Neobarock und Art-déco in Hölstein
Tatsächlich wohnten eine Vielzahl der Angestellten in Hölstein selbst, oder zumindest in den umliegenden Dörfern. Beliebt war damals auch Heimarbeit. Offenbar kam man aber nicht umhin, zusätzlichen Wohnraum zu schaffen.
Südlich des Produktionsgebäudes wurde 1910 mit dem Bau einer Arbeitersiedlung begonnen. 1919 bauten die Architekten Werner Oesch und Constant Rossier parallel zu den Arbeiterhäusern an der Kirchgasse zwei unterschiedliche Mehrfamilienhäuser am Neuweg. Die beiden dreigeschossigen Gebäude mit grossen Krüppelwaldächern und Lukarnen orientieren sich in ihrer Detailausgestaltung am Neobarock. Die Mehrfamilienhäuser boten jeweils Platz für sechs Familien. Die Grundrisse orientieren sich am zeittypischen Genossenschaftsbau. Ursprünglich geplant waren zwei weitere dieser Bauten.
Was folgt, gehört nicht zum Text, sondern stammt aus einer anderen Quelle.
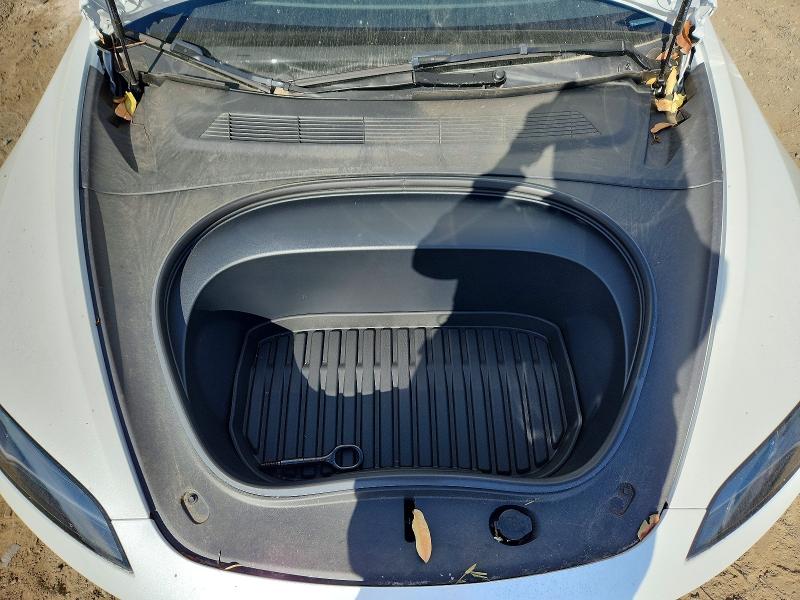 Aukcja sprzedaży 2025 Tesla Model 3, vin: 5YJ3E1EA6SF884164, numer aukcji: 48799346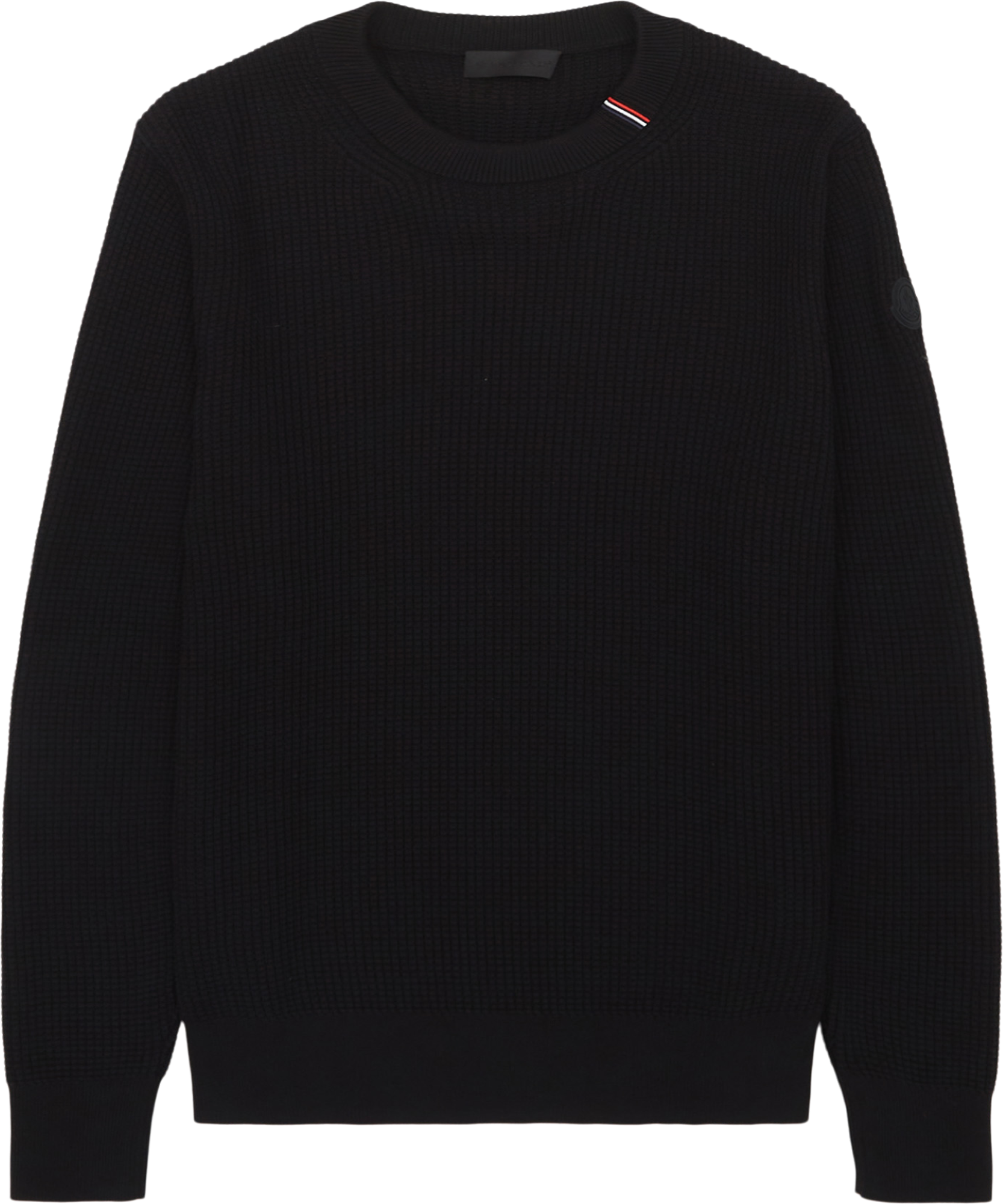 Moncler Cotton Jumper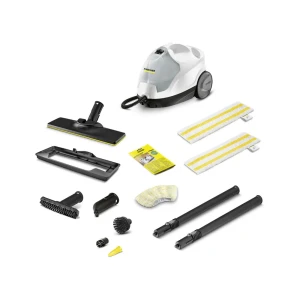 Vacuum cleaner KARCHER SC 4 EasyFix Plus *EU/2
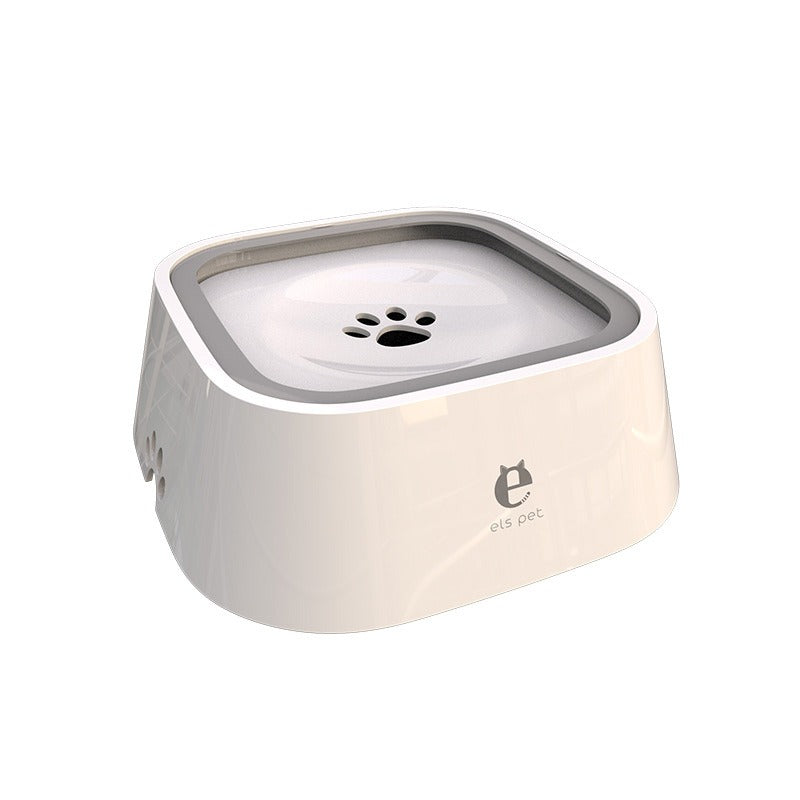 PetBuddy™ No-Spill Pet Bowl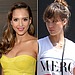 Jessica Alba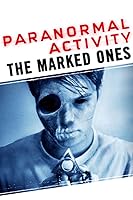 Paranormal Activity: The Marked Ones [HD]
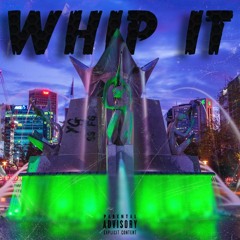 WHIP IT (feat. Shotty Shane & F6ix)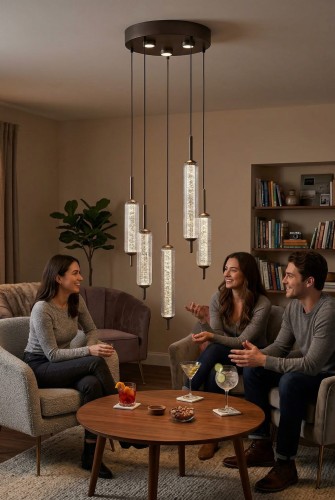 Lampa nad stolikiem z kolegami.jpg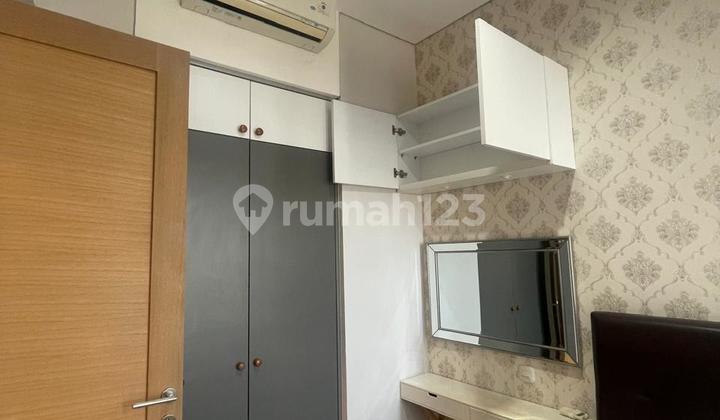 1Br Furnished Apartemen Taman Anggrek Residences - Jakarta Barat 2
Doppelhaus 1921, Hölstein © Börje Müller Fotografie

Doppelhaus 1921, Hölstein © Börje Müller Fotografie

Zwei Strassen weiter am Obermattweg bauten Oesch & Rossier 1921 ein weiteres Gebäude. Das Doppelhaus im Art-déco-Stil war um einiges grosszügiger wie die Mehrfamilien- und Arbeiterhäuser und dem Kader der Uhrenfabrik vorbehalten. Trotz dieser Unterschiede integriert sich das Einzelhaus gut in die Reihenbebauung. Die Südfassade der Häuser verfügt zum grosszügigen Garten hin über einen polygonalen Erker als Erweiterung des Wohnzimmers im Erdgeschoss mit darüber liegendem Balkon des Schlafzimmers im Obergeschoss. Zu erwähnen sind neben dem detailliert ausgestalteten Eingang und den Fenstern insbesondere die Mauern und Zäune im Garten.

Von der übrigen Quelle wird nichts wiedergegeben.